Records from a data source:
-- -- --

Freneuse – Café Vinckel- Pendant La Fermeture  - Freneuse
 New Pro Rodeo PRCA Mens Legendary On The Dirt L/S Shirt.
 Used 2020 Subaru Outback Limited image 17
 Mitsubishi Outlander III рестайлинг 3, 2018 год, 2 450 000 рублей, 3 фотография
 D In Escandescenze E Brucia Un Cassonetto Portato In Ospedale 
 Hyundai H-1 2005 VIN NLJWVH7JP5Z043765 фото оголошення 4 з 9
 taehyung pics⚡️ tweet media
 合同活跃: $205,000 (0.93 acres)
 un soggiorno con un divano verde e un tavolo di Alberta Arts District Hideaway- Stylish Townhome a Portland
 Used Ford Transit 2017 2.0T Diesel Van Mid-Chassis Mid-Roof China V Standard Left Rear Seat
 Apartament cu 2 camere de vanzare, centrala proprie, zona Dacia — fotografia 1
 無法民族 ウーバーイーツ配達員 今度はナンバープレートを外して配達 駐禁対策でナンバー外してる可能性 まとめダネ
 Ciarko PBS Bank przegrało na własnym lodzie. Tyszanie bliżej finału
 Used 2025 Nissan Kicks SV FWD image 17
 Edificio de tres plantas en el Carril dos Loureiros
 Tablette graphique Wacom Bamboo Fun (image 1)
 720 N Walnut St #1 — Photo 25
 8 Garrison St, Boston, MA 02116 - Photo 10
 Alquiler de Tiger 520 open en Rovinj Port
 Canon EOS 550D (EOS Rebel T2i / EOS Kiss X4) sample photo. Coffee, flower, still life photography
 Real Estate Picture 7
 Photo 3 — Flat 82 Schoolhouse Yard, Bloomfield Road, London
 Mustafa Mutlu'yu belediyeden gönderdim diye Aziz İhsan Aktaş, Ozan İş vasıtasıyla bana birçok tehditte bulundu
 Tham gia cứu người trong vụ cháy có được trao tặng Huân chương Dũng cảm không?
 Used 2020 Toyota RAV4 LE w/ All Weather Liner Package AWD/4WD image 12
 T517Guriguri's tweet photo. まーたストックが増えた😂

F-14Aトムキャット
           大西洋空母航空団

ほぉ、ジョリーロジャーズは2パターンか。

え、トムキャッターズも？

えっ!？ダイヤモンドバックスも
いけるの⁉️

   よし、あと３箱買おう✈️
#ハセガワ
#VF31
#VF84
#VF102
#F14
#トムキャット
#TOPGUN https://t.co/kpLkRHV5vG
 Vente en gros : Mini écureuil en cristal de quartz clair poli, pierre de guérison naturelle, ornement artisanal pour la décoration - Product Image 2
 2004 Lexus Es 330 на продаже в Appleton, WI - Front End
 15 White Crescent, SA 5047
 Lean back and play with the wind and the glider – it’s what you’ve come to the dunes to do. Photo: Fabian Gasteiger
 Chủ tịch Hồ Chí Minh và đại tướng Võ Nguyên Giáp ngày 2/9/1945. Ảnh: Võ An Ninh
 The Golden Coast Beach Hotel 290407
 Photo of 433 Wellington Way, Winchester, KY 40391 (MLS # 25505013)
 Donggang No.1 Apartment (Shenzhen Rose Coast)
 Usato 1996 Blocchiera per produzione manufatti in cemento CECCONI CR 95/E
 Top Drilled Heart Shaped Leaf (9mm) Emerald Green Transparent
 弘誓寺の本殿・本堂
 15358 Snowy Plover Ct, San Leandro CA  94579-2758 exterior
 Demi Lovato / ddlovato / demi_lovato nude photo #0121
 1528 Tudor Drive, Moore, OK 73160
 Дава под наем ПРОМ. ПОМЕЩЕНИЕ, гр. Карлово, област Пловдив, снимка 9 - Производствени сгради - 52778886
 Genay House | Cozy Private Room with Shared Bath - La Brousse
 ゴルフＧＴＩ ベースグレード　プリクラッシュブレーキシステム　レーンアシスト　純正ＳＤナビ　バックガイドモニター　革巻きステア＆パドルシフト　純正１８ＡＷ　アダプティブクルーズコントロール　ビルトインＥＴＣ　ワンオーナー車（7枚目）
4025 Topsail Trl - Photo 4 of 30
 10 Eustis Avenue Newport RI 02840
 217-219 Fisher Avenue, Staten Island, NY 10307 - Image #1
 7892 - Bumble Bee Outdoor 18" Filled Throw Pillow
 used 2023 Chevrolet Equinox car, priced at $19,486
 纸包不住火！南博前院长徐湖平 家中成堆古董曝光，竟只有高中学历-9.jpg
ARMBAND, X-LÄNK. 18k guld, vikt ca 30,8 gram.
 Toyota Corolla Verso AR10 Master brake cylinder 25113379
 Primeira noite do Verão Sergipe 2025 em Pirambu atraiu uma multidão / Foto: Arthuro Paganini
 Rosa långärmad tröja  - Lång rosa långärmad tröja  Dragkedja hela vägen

-- -- --

Your job here is to copy the entries above exactly.

Freneuse – Café Vinckel- Pendant La Fermeture  - Freneuse
 New Pro Rodeo PRCA Mens Legendary On The Dirt L/S Shirt.
 Used 2020 Subaru Outback Limited image 17
 Mitsubishi Outlander III рестайлинг 3, 2018 год, 2 450 000 рублей, 3 фотография
 D In Escandescenze E Brucia Un Cassonetto Portato In Ospedale 
 Hyundai H-1 2005 VIN NLJWVH7JP5Z043765 фото оголошення 4 з 9
 taehyung pics⚡️ tweet media
 合同活跃: $205,000 (0.93 acres)
 un soggiorno con un divano verde e un tavolo di Alberta Arts District Hideaway- Stylish Townhome a Portland
 Used Ford Transit 2017 2.0T Diesel Van Mid-Chassis Mid-Roof China V Standard Left Rear Seat
 Apartament cu 2 camere de vanzare, centrala proprie, zona Dacia — fotografia 1
 無法民族 ウーバーイーツ配達員 今度はナンバープレートを外して配達 駐禁対策でナンバー外してる可能性 まとめダネ
 Ciarko PBS Bank przegrało na własnym lodzie. Tyszanie bliżej finału
 Used 2025 Nissan Kicks SV FWD image 17
 Edificio de tres plantas en el Carril dos Loureiros
 Tablette graphique Wacom Bamboo Fun (image 1)
 720 N Walnut St #1 — Photo 25
 8 Garrison St, Boston, MA 02116 - Photo 10
 Alquiler de Tiger 520 open en Rovinj Port
 Canon EOS 550D (EOS Rebel T2i / EOS Kiss X4) sample photo. Coffee, flower, still life photography
 Real Estate Picture 7
 Photo 3 — Flat 82 Schoolhouse Yard, Bloomfield Road, London
 Mustafa Mutlu'yu belediyeden gönderdim diye Aziz İhsan Aktaş, Ozan İş vasıtasıyla bana birçok tehditte bulundu
 Tham gia cứu người trong vụ cháy có được trao tặng Huân chương Dũng cảm không?
 Used 2020 Toyota RAV4 LE w/ All Weather Liner Package AWD/4WD image 12
 T517Guriguri's tweet photo. まーたストックが増えた😂

F-14Aトムキャット
           大西洋空母航空団

ほぉ、ジョリーロジャーズは2パターンか。

え、トムキャッターズも？

えっ!？ダイヤモンドバックスも
いけるの⁉️

   よし、あと３箱買おう✈️
#ハセガワ
#VF31
#VF84
#VF102
#F14
#トムキャット
#TOPGUN https://t.co/kpLkRHV5vG
 Vente en gros : Mini écureuil en cristal de quartz clair poli, pierre de guérison naturelle, ornement artisanal pour la décoration - Product Image 2
 2004 Lexus Es 330 на продаже в Appleton, WI - Front End
 15 White Crescent, SA 5047
 Lean back and play with the wind and the glider – it’s what you’ve come to the dunes to do. Photo: Fabian Gasteiger
 Chủ tịch Hồ Chí Minh và đại tướng Võ Nguyên Giáp ngày 2/9/1945. Ảnh: Võ An Ninh
 The Golden Coast Beach Hotel 290407
 Photo of 433 Wellington Way, Winchester, KY 40391 (MLS # 25505013)
 Donggang No.1 Apartment (Shenzhen Rose Coast)
 Usato 1996 Blocchiera per produzione manufatti in cemento CECCONI CR 95/E
 Top Drilled Heart Shaped Leaf (9mm) Emerald Green Transparent
 弘誓寺の本殿・本堂
 15358 Snowy Plover Ct, San Leandro CA  94579-2758 exterior
 Demi Lovato / ddlovato / demi_lovato nude photo #0121
 1528 Tudor Drive, Moore, OK 73160
 Дава под наем ПРОМ. ПОМЕЩЕНИЕ, гр. Карлово, област Пловдив, снимка 9 - Производствени сгради - 52778886
 Genay House | Cozy Private Room with Shared Bath - La Brousse
 ゴルフＧＴＩ ベースグレード　プリクラッシュブレーキシステム　レーンアシスト　純正ＳＤナビ　バックガイドモニター　革巻きステア＆パドルシフト　純正１８ＡＷ　アダプティブクルーズコントロール　ビルトインＥＴＣ　ワンオーナー車（7枚目）
4025 Topsail Trl - Photo 4 of 30
 10 Eustis Avenue Newport RI 02840
 217-219 Fisher Avenue, Staten Island, NY 10307 - Image #1
 7892 - Bumble Bee Outdoor 18" Filled Throw Pillow
 used 2023 Chevrolet Equinox car, priced at $19,486
 纸包不住火！南博前院长徐湖平 家中成堆古董曝光，竟只有高中学历-9.jpg
ARMBAND, X-LÄNK. 18k guld, vikt ca 30,8 gram.
 Toyota Corolla Verso AR10 Master brake cylinder 25113379
 Primeira noite do Verão Sergipe 2025 em Pirambu atraiu uma multidão / Foto: Arthuro Paganini
 Rosa långärmad tröja  - Lång rosa långärmad tröja  Dragkedja hela vägen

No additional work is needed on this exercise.